# WSM 18 or 22?



## boardgames4bbq (Jul 20, 2019)

So 7 years ago I purchased a Brinkmann Gourmet charcoal smoker and heavily modified it.












IMG_20170520_062819427.jpg



__ boardgames4bbq
__ Aug 3, 2017






Last weekend I noticed after cleaning up, that the cooking chamber and charcoal pan had developed holes from rust. I have convinced my wife that it is time to replace the Brinkmann. Seeing as I basically made my Brinkmann into a WSM  it feels right to just get the WSM.
I am conflicted as to what size to get. Both the 18 and 22 are larger than my current set up. Do the cook the same? Does the 22 waste fuel or have a more user friendly door size? Also I have seen people sayi g to keep the water bowl dry when cooking on the WSM. Why? I have always had good results with water in the pan.

Also here is the results of my labor from last weekend.  I have a OK Joe Highland as well that I used for the brisket, burnt ends, and chicken wings.


----------



## chopsaw (Jul 20, 2019)

Most will tell you 22 . Go by the store and see which one you like better . I have a 14 . They run good . Which ever you choose I think you will be happy .


----------



## jaxgatorz (Jul 20, 2019)

Trust me.
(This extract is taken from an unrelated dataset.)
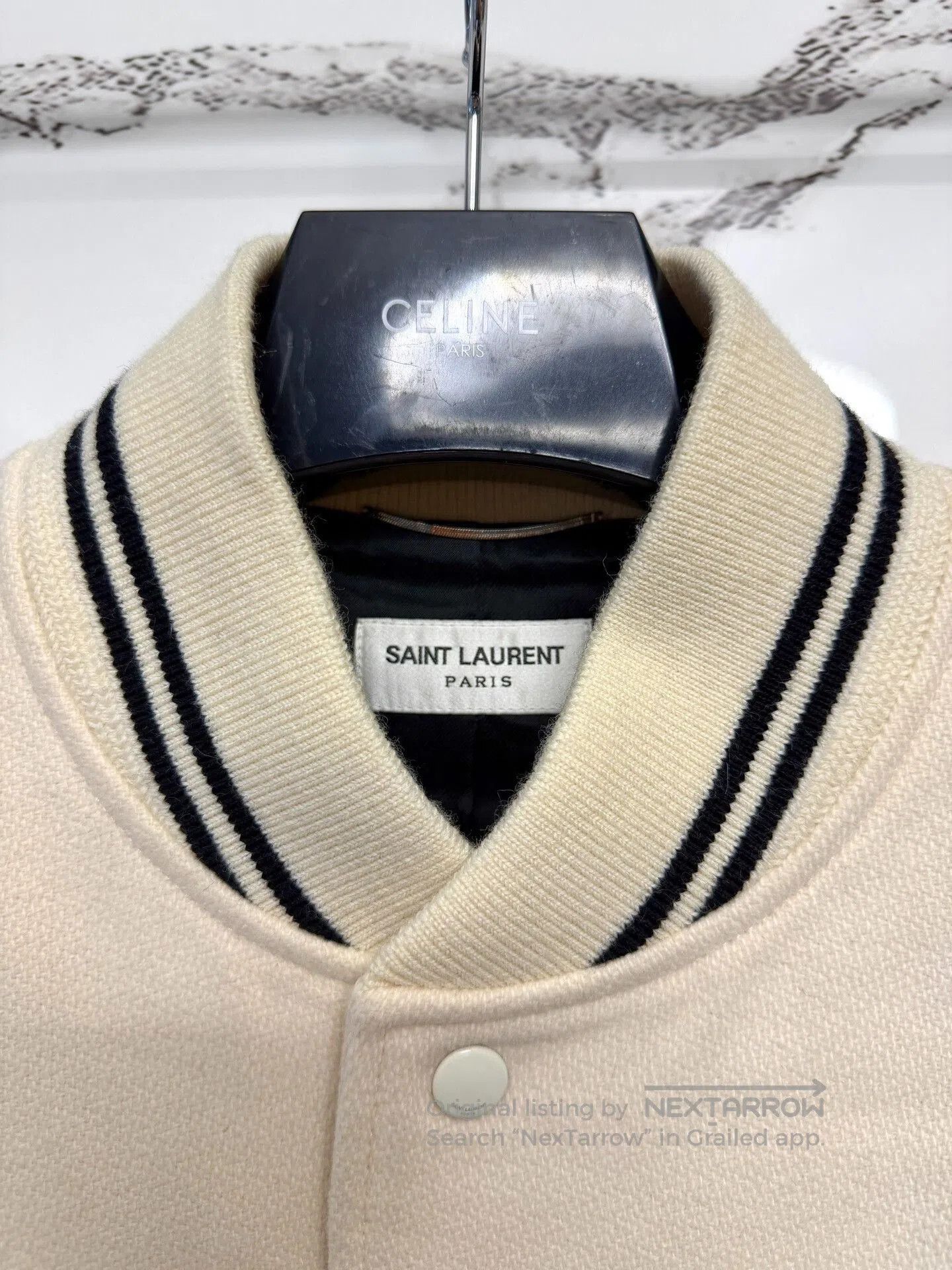 Saint Laurent Paris saint laurent white leather baseball jacket. Size US L / EU 52-54 / 3 - 2 Thumbnail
There will come a time when you are going to want that extra space that the 22 gives you..


----------



## Berettaclayshooter (Jul 20, 2019)

This is America, get the bigger one.  Just like a shed or a garage, you can't have enough space.


----------



## gmc2003 (Jul 20, 2019)

I have the 22". That said, the extra space is nice to have, but not really needed in most instances.  I normally only cook for the wife and I, as the kids have long since moved out. It gets used for longer cooks(brisket/butts) and I usually fill at least the top grate when I fire it up. I hate seeing all that empty real estate go to waste. It will burn more charcoal then the smaller units and comes in really handy for when I do family get-togethers. Which is about 3 times a year. I don't use water in my WSM. I hate using up good coal heating the water up when I'm gonna be running the WSM at 250*. The door on my WSM has been opened about twice since I've owned it so as to it being friendly as long as it stays on then I consider it friendly. As for your question: which size? it depends on how much space is needed for your cooks. If your cooking for 2-3 people only then the smaller sizes will work just fine. If you have a larger family or do parties then the 22" is probably a better choice. 

Chris


----------



## WaterinHoleBrew (Jul 20, 2019)

I have the 18, was a $100 Craigslist find about a decade ago...  Had hardly been used, sitting covered in a garage. I really like the WSM cookers, they are excellent.  Though I can't complain due to the price I paid for the 18... I will say that there have been times I wished it was a 22, for just a little bit of extra space.


----------



## noboundaries (Jul 20, 2019)

When you stock up on charcoal in the Spring and Summer when it is on sale, $50 gets you 200 lbs. Most years I go through about 400-500 lbs a year split between my 22" WSM and 22" Kettle; 200-250 lbs in a slow year. It's just me and my wife, but that cost is relatively small compared to our other utility bills.


----------



## squatch (Jul 21, 2019)

Nice looking spread of grub you cooked up boardgames! I think you will really enjoy your new Weber whatever size you end up choosing.
 I am definitely a huge fan of the WSM, so much so I have now acquired one of each size haha! And I use them all...
 The 14”er is nice for being portable and taking camping etc.  It is perfect for doing a couple TriTip at a time and I’ve developed a method of using it to reverse sear and it works great!
 The 18” is “just right” for most of my needs and gets the most use overall, and the difference in efficiency and coal consumption over the 14” is negligible.
 The 22” is great if you do large cooks or like smoking multiple racks of SPARE ribs... You can easily fit 6 full racks of spare ribs laying flat, or 4-6 spiral cut hams, or 8-10 pork shoulders all at once! It does hold and consume substantially more fuel compared to the smaller sizes, but it is still efficient and it’s larger size helps it hold your target temp better with less fluctuations or need for tinkering with vent adjustments.
 If I was forced to choose only one I think I would go with the 22” just for the huge capacity. I suppose it really boils down to the volume of food you intend to prepare at once.

Happy Smoking!


----------



## smokinbill1638 (Jul 22, 2019)

+1 for the 22 I have had the 22 for many years and love it. I do multiple pork butts at a time and fill the freezer.   Never worried if i can get enough ribs on.  It does take some time to heat up.  I am wanting a 14 for after work cooks of chicken, abts, smaller cooks,  and to have an additional space when doing more.


----------



## SlowmotionQue (Jul 24, 2019)

I have an 18 and a 22

Short answer, definitely get the 22.

The 18 can get crowded real fast.  And when you load it down with food, it can take forever for things to cook.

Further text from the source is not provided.